The Language and Model filters interact with each other. For example, if you choose
French-fr in the Language filter, the
Model filter automatically shows all prediction models in your
instance that use the French language, as shown in the following image.
- If you select a specific model from the Model filter, the Language filter value is updated to display the language of the selected model.
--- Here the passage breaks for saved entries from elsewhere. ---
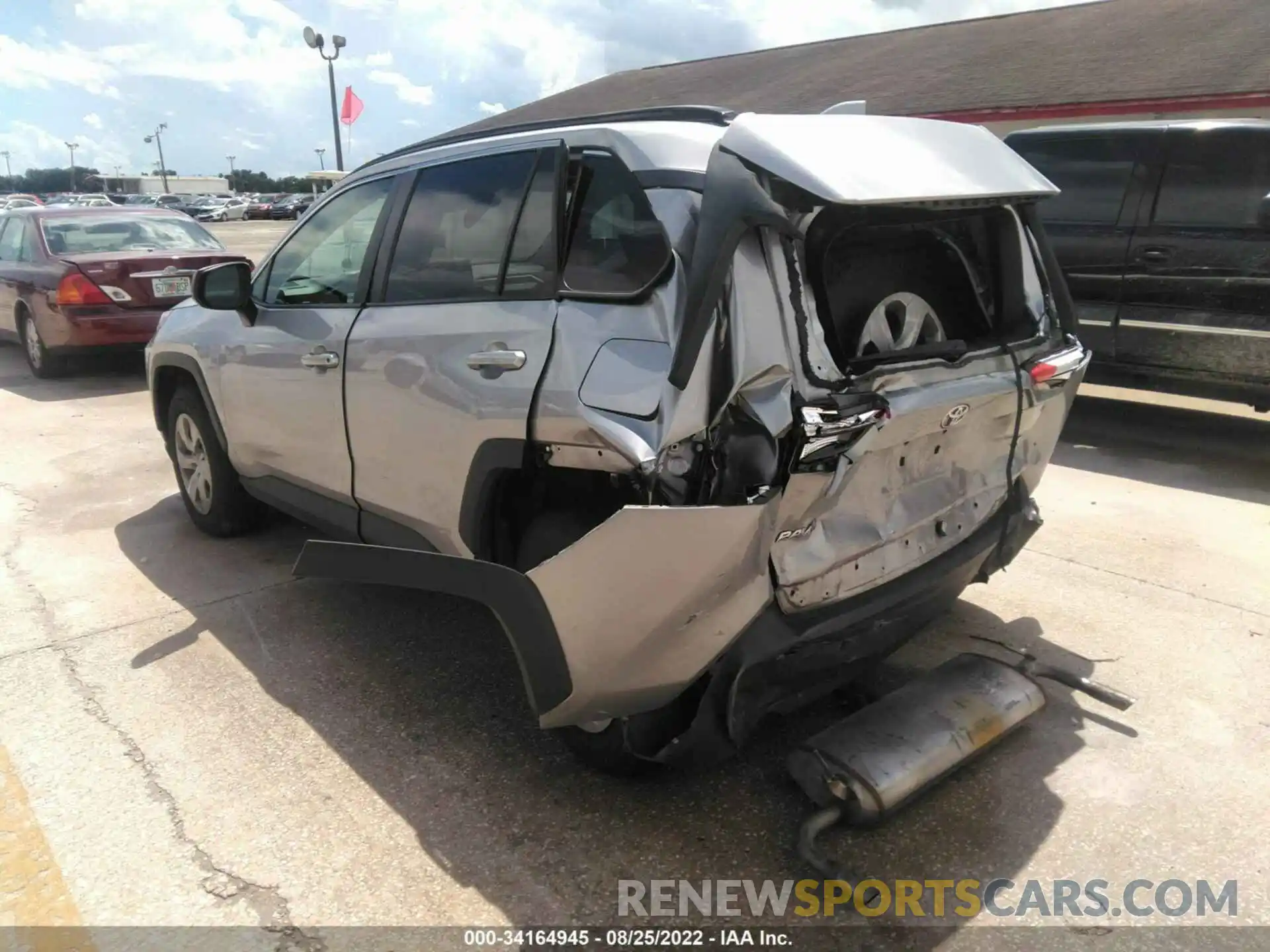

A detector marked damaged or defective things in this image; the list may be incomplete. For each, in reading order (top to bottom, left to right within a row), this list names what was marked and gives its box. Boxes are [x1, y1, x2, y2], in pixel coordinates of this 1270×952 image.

broken taillight lens [56, 271, 112, 305]
damaged rear of suv [146, 106, 1081, 777]
detached rear bumper [292, 487, 1036, 741]
crack in pavement [56, 642, 325, 952]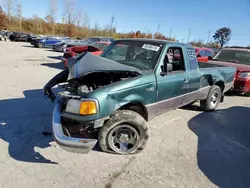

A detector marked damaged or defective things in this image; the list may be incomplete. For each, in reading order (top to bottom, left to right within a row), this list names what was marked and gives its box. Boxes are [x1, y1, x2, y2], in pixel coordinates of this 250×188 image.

damaged front end [44, 52, 142, 153]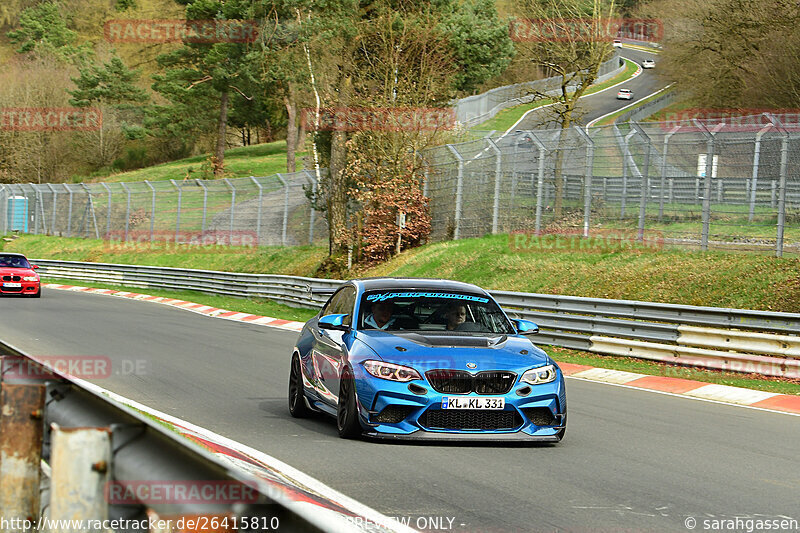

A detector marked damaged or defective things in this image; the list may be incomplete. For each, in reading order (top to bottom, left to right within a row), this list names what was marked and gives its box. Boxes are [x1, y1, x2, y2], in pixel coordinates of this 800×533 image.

rusty metal post [0, 380, 45, 520]
rusty metal post [48, 424, 111, 528]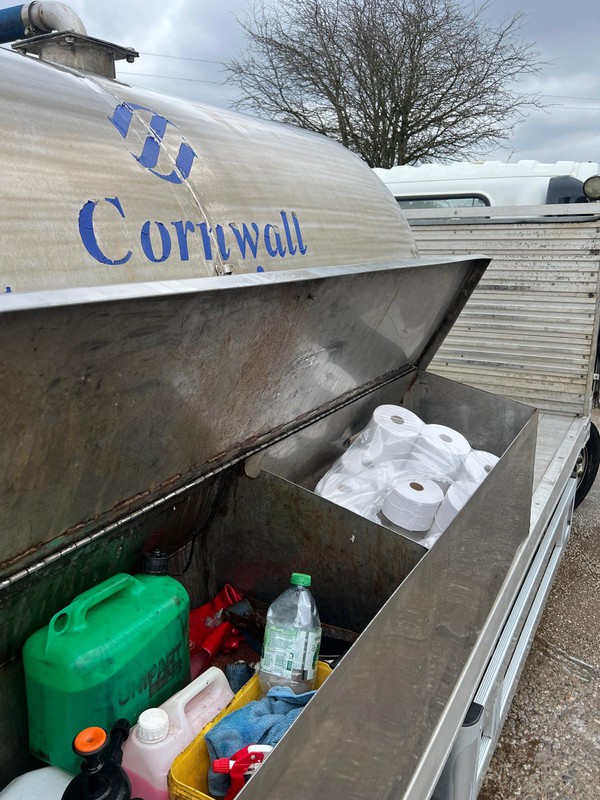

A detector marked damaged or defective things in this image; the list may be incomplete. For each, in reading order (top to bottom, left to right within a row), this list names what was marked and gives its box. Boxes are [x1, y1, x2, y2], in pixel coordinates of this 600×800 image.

rusty metal surface [0, 256, 488, 576]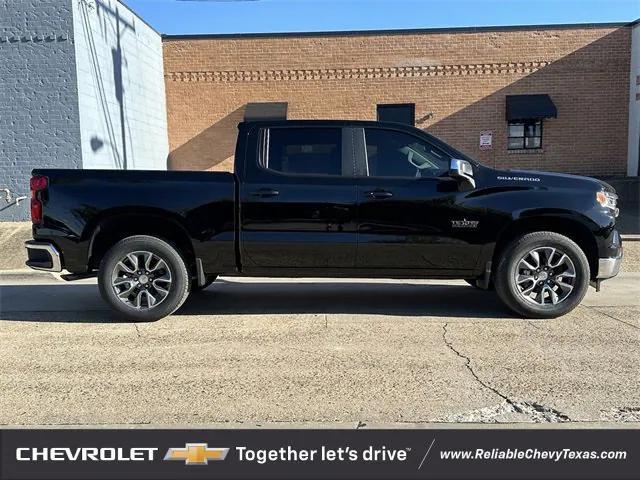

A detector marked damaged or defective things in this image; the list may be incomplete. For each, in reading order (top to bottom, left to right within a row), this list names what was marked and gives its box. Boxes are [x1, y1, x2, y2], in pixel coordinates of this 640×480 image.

crack in pavement [440, 322, 568, 424]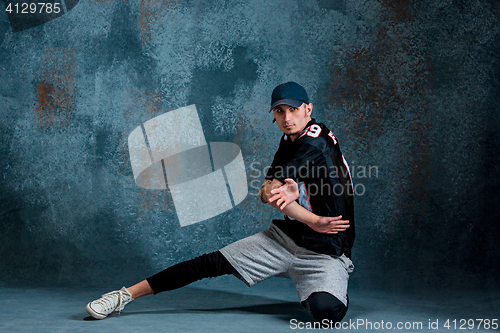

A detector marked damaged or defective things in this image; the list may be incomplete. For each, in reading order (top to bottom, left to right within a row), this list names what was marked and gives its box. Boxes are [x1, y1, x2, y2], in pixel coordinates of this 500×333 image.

rust stain on wall [35, 47, 77, 129]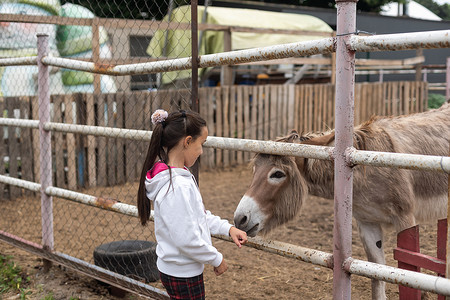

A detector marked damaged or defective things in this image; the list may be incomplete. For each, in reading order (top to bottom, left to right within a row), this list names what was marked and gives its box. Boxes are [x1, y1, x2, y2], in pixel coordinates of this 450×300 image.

rusty metal pole [37, 34, 54, 272]
rusty metal pole [334, 1, 356, 298]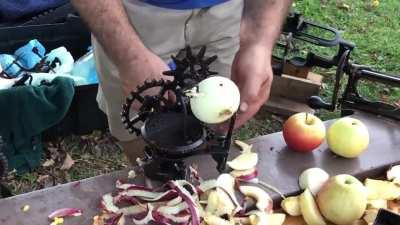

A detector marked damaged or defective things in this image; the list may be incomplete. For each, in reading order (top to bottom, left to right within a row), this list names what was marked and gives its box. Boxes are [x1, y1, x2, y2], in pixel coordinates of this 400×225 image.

rusty metal surface [0, 111, 400, 225]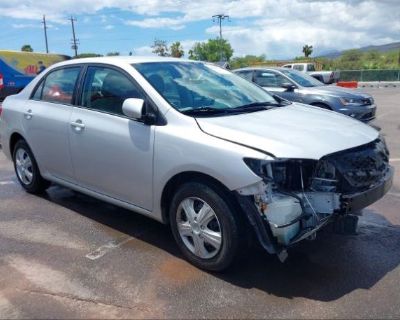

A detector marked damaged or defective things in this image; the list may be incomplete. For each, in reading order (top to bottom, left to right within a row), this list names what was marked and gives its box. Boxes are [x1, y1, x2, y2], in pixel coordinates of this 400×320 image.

damaged silver sedan [0, 57, 394, 270]
crushed hood [196, 104, 378, 159]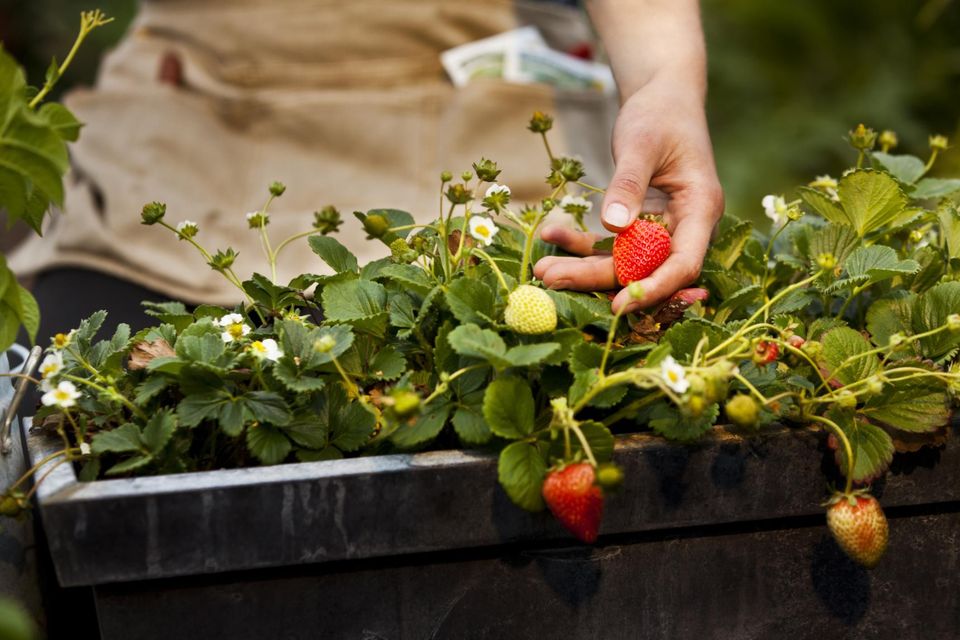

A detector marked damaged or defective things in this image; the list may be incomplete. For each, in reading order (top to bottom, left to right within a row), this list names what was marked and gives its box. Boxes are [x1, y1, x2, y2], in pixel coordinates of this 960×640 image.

- If you select a specific language from the Language filter, the Model filter only displays models of that selected language.
Setting the Date range
On the Performance tab, use the Date range to define how far back you want the system to pull VA data from. Choose Past 30 days, Past 60 days, Past 90 days, or Custom range. The further back you go in the date range, the more data you will have in your analysis.
Running an analysis
To run a performance analysis, click the Unsupported utterances tab. This section of the UI shows rows of expandable clusters containing VA utterances where NLU didn't make a topic prediction, or where the VA end-user confirmed that the predicted topic was incorrect. The next thing you want to do is to click Expert Feedback Loop. This action takes you to the NLU Expert Feedback Loop application where you review and provide feedback on the utterances that were pulled in from VA.
When you leave the Expert Feedback Loop application and return to NLU Model Performance, click the caret icon in any cluster to open it. Within the cluster you can then see the top most representative VA utterances, as shown in the following image.
Click Run analysis or Rerun analysis, whichever is available. Each time you run an analysis, the system pulls the most recent VA utterances into the analysis.